Data for this task section start

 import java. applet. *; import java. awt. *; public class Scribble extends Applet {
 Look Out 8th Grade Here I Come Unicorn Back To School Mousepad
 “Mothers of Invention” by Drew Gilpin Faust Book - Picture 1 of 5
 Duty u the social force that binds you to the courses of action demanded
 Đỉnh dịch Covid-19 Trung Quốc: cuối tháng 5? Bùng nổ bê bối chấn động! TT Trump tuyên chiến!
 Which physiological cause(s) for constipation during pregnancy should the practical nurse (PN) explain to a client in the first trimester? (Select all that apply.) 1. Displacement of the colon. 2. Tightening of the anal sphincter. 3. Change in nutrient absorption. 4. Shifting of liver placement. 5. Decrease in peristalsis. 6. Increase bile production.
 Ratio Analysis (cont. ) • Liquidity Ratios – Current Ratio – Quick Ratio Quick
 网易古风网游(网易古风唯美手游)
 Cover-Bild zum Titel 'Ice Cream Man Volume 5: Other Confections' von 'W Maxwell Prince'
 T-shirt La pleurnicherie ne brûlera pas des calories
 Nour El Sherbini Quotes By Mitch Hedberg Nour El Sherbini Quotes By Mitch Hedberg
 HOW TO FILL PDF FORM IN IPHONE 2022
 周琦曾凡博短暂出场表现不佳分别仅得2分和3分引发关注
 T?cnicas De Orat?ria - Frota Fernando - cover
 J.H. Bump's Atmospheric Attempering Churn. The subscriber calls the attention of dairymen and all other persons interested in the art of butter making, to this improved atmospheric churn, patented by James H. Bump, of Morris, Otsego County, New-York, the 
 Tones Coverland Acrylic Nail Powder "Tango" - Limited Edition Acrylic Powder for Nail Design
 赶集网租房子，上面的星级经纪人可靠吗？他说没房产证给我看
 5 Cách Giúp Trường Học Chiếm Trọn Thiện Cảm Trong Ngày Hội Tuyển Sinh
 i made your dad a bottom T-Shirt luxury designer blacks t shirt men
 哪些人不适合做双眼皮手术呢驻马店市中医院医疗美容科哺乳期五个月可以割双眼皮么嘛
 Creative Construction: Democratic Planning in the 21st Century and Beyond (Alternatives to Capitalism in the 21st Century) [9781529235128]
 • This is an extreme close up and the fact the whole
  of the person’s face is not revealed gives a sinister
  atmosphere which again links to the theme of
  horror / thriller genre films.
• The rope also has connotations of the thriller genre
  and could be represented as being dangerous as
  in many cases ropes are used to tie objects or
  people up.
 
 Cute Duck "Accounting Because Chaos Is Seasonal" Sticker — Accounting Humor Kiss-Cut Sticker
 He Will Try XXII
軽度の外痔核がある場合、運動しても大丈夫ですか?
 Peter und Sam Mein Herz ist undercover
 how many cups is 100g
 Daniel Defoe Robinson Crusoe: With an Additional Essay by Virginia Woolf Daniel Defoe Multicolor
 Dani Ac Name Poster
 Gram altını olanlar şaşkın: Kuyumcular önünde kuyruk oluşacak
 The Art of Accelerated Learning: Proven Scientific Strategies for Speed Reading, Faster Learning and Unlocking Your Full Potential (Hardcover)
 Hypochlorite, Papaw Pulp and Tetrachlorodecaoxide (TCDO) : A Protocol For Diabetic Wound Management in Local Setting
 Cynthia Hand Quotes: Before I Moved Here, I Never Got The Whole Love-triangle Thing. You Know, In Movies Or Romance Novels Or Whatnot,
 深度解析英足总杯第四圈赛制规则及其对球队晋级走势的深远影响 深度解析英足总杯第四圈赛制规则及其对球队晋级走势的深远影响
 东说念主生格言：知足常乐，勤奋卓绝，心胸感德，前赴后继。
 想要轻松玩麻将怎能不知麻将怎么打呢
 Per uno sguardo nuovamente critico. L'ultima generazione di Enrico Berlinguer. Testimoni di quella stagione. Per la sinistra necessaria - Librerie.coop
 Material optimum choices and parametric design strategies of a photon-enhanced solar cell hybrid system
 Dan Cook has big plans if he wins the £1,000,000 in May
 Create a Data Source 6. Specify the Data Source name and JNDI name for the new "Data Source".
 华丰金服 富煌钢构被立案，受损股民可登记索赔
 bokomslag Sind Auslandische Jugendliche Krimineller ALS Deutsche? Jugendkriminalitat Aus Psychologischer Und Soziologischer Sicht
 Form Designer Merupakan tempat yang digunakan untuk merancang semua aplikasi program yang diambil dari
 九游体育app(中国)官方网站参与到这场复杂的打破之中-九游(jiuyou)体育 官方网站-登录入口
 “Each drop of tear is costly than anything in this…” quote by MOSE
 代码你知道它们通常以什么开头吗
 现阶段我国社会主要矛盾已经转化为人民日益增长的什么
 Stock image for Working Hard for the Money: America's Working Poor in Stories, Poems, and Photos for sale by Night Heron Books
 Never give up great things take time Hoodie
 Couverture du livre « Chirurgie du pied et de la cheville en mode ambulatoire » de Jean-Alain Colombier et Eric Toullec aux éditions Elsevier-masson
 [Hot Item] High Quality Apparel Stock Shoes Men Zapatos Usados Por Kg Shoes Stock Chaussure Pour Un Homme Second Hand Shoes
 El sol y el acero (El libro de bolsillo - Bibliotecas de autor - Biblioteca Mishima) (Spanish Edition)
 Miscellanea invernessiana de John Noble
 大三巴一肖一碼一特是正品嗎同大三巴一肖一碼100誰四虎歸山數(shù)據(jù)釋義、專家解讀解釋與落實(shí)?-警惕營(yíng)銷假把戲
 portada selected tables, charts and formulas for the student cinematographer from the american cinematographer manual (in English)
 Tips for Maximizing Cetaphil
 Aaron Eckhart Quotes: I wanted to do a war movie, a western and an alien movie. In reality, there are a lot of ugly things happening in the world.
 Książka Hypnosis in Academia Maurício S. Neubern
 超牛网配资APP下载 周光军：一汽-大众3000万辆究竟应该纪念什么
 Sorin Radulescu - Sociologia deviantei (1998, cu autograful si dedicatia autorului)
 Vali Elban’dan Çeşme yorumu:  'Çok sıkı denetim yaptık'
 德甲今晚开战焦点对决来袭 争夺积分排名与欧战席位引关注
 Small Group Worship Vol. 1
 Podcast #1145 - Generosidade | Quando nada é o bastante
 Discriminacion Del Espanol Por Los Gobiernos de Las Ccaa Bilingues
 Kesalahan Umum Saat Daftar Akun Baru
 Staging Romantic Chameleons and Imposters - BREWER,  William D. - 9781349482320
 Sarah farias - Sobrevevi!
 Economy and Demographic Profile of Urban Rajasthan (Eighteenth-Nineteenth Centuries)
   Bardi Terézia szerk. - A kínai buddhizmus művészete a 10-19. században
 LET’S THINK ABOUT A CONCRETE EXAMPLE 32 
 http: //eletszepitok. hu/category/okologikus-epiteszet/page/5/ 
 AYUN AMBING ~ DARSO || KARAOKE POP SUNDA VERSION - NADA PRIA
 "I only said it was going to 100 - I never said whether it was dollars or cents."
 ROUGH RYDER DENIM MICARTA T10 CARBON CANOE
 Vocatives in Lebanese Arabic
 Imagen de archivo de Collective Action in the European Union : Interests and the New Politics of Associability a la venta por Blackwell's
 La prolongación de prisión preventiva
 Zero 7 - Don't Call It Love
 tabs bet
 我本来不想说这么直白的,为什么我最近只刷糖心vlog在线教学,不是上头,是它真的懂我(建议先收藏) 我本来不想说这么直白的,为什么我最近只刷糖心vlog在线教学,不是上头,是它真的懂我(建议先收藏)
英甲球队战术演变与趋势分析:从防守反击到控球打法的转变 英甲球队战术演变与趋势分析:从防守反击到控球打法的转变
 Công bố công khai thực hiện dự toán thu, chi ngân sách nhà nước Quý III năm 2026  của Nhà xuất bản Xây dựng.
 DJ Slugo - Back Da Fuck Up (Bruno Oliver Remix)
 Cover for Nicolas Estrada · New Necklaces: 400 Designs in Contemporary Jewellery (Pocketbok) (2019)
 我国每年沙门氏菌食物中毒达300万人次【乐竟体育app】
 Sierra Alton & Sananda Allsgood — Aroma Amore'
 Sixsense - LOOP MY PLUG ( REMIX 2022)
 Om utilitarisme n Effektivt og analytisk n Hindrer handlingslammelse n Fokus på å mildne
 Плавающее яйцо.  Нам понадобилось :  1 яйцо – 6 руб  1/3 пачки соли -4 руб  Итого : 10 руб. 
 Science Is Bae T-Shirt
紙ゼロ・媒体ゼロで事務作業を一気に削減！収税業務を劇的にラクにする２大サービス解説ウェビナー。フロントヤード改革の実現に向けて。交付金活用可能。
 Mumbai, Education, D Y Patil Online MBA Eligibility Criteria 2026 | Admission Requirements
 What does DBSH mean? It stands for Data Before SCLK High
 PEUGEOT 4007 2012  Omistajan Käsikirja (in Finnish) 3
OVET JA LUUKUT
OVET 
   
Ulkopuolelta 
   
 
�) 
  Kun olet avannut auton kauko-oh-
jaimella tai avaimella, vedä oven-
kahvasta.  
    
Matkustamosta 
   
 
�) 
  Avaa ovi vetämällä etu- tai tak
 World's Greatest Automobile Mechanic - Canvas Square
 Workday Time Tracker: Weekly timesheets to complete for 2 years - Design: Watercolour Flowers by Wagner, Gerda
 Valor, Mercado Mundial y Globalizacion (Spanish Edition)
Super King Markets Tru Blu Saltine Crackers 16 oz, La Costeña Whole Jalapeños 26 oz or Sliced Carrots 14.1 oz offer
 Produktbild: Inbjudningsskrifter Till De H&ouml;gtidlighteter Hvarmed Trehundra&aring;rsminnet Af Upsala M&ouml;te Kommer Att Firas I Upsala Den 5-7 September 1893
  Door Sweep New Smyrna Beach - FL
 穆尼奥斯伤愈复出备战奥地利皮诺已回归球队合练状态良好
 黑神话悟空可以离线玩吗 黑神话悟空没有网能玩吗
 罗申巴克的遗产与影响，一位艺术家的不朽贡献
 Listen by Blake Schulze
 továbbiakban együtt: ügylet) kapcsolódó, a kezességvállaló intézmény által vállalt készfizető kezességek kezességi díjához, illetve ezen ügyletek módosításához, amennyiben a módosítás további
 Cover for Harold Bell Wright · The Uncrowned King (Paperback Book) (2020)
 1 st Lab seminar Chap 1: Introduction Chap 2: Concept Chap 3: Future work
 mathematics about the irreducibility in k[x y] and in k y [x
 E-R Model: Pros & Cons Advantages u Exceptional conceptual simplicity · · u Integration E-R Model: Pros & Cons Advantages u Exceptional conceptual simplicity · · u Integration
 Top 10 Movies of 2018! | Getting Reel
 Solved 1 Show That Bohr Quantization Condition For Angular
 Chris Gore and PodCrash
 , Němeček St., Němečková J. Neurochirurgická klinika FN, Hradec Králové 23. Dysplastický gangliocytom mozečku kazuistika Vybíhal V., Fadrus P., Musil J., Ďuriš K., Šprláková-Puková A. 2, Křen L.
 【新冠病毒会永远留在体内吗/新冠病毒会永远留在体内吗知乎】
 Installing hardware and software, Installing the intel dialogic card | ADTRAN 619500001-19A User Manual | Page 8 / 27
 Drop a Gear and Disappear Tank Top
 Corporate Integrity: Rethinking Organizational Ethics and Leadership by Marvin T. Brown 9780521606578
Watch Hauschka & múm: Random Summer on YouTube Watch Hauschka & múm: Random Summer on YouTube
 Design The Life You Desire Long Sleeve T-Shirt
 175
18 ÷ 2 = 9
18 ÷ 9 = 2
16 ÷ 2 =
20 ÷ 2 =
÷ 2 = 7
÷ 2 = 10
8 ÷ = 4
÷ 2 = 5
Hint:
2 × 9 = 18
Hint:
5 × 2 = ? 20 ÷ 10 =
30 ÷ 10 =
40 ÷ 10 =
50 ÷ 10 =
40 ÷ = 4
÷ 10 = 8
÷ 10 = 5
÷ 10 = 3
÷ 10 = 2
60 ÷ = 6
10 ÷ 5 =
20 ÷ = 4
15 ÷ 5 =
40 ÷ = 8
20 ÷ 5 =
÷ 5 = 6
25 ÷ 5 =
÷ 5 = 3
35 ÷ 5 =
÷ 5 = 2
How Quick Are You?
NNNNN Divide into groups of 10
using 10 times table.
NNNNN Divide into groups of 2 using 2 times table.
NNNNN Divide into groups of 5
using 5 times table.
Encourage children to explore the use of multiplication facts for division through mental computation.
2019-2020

Data for this task section end

## Work order
In the entries above, find the line holding "LET’S THINK ABOUT A CONCRETE EXAMPLE 32" and the line holding "英甲球队战术演变与趋势分析:从防守反击到控球打法的转变 英甲球队战术演变与趋势分析:从防守反击到控球打法的转变"; print both of them and every line between, exactly, and nothing else.

## Answer to the problem
 LET’S THINK ABOUT A CONCRETE EXAMPLE 32 
 http: //eletszepitok. hu/category/okologikus-epiteszet/page/5/ 
 AYUN AMBING ~ DARSO || KARAOKE POP SUNDA VERSION - NADA PRIA
 "I only said it was going to 100 - I never said whether it was dollars or cents."
 ROUGH RYDER DENIM MICARTA T10 CARBON CANOE
 Vocatives in Lebanese Arabic
 Imagen de archivo de Collective Action in the European Union : Interests and the New Politics of Associability a la venta por Blackwell's
 La prolongación de prisión preventiva
 Zero 7 - Don't Call It Love
 tabs bet
 我本来不想说这么直白的,为什么我最近只刷糖心vlog在线教学,不是上头,是它真的懂我(建议先收藏) 我本来不想说这么直白的,为什么我最近只刷糖心vlog在线教学,不是上头,是它真的懂我(建议先收藏)
英甲球队战术演变与趋势分析:从防守反击到控球打法的转变 英甲球队战术演变与趋势分析:从防守反击到控球打法的转变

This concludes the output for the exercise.